Five of the many possible signs you might be interested in reading some Steve Erickson:

  1. You're interested in literary representations of father/son relationships.
  2. You're interested in literary representations of gender and gender relationships.
  3. You like characters who travel a lot.
  4. You regret.
  5. You need to be surprised.


Finished Rubicon Beach tonight. Six down, one to go. And I have to finish that last one this week, by Friday night. I'm headed to Chicago for the weekend for the Pitchfork-curated Intonation Music Festival, where I fully expect that in a park full of bone-thin tight-shirt-clad indie kids, I will feel like the fattest, oldest man alive. It's going to be awesome. But yeah, this Steve Erickson kick, it's been a great trip, but it's time for it to come to a close. Maybe calling this weekend my deadline for completion is a bit arbitrary, or maybe not. It feels right. It feels like, after setting down the last book, it will be good to hop in a car for six hours to go stand in the sun for two straight days, listening to lots of awesome bands play a whole lot of awesome music. Seems like the best physical external-space way to escape the emotional mental-space I've been wrapped up in for the last three months. Er, excuse me? It's only been about two and a half weeks? That's a bunch of crazy talk, my friend. A whole bunch of crazy talk.
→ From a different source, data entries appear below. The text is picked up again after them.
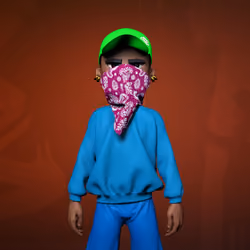 504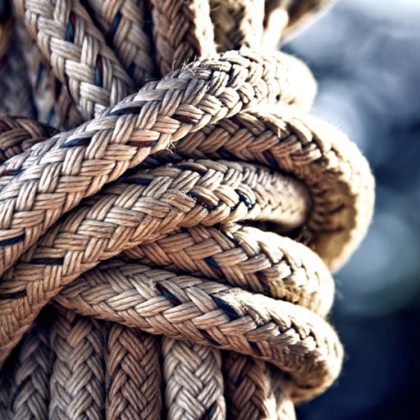 >Eigenverantwortung vs. Ge- & Verbote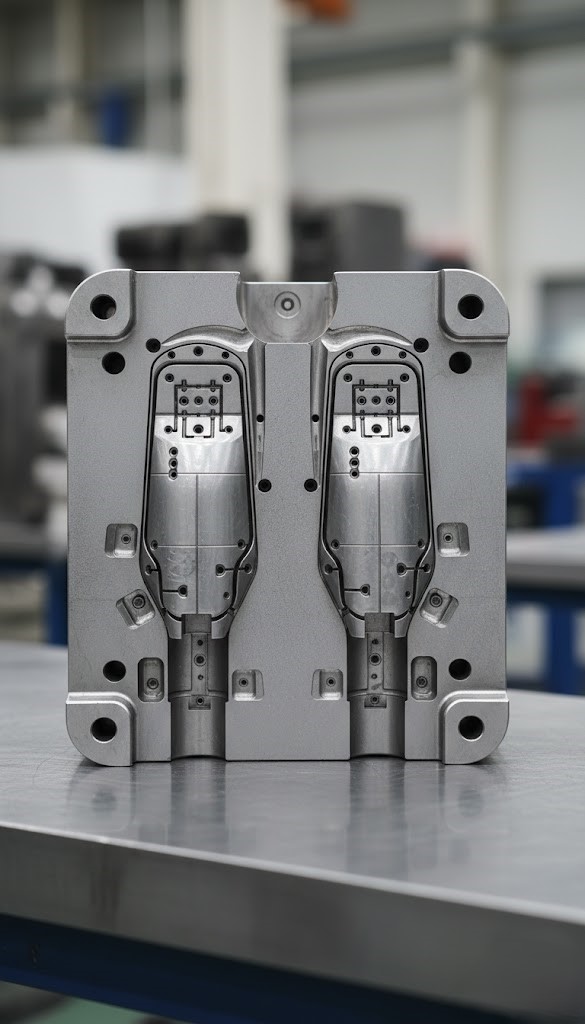 Hardening And Tempering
There's a reason why I think you should read some Steve Erickson but not pull a crazy and try to read all of him at one time, and it goes back to reason number five, above. Steve Erickson is a writer who will surprise you: you'll be reading from page to page and then the next page he'll whisk the ground out from beneath your feet, replacing it gradually over the next few pages with a whole new ground, one you'll get a firm footing on just in time for him to crack it open with a literary mallet, sending you hurtling down towards some other ground, buried beneath the second ground and floating right above the first. So it's not that he ever becomes formulaic--by the time I was on my fourth book, Arc d'X, I was still damned amazed at how where I'd started was well after where I was going and how everything in between all meets up at yet some other point seemingly unrelated yet intrinsic and vital all along though I'd never known its existence; the tendrils of dream-knots coming together for brief whispers that send ripples and chasms up and down the lengths of themselves.
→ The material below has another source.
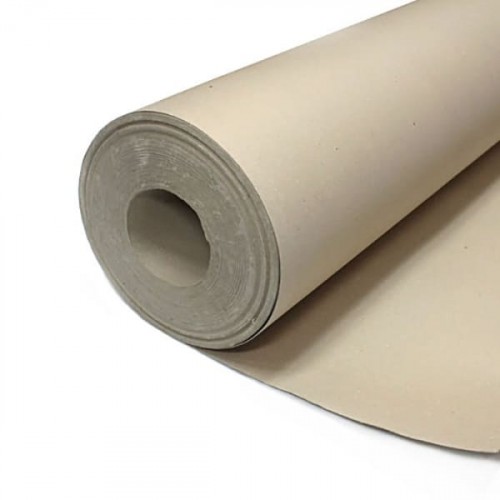 Бумага лекальная 105 см. 0,6 мм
But even then there eventually becomes a point where surprise becomes somehow less surprising--however surprised you are by the unexpected, you kind of knew it was coming all along. Which is kind of the headspace I found myself in about midway through Rubicon Beach, when I was reading along and enjoying myself but not letting myself get pulled away by the book. There's a point in the middle when I realized I'd just been seamlessly flown from the story of a girl living in the jungles of South America to the story of a Hollywood screenwriter whose life was success despite his own personal failures. There were plenty of surprises and odd details that had come before that that I'd liked, but it took a certain amount of a conscious mental gasp to realize just how remarkable it all was, right there in front of me the whole time. I enjoyed the story much more after that, having given my mental space a good rattle and a firm shake.

I suppose this is the sort of thing you're likely to run into with any writer or mode of writing you immerse yourself in, which is why I think that experimental fiction alone is not vital. My oft-mentioned friend Chris, having recently read Our Ecstatic Days, is currently reading Never Let Me Go by Kazuo Ishiguro, and I think that's a perfect pairing of novels to be read in succession. I don't know if he knows the surprises in store for him with Ishiguro's book--I sure as hell didn't tell him, but, you know, kids these days with their internets and their freedoms and all. Big surprises of Ishiguro's book known or not--the two books both work in realms of surprise entirely distinct, and, yet, revelatory, I think. One book's "Wow" factor relies on the tricks of the post-modern canon wedded to shocking forms of story-telling; the other relies on good old fashioned narrative and detail. And yet I'll posit that for all their distinctiveness from each other, the two books aren't so far apart in spirit. Like seeing the fireworks as awesome, then looking down to watch them light up the face of someone you love; or, or something. I don't know. I'm very tired.

Point being: I can't wait to see how all this Erickson affects the way I perceive other books, other modes of storytelling. The mental stretching of it, and all that. Also, did I just use the word "posit" in casual blogging? What the deuce? Next thing you know, I'll be all, making interesting points, and stuff. Good grief.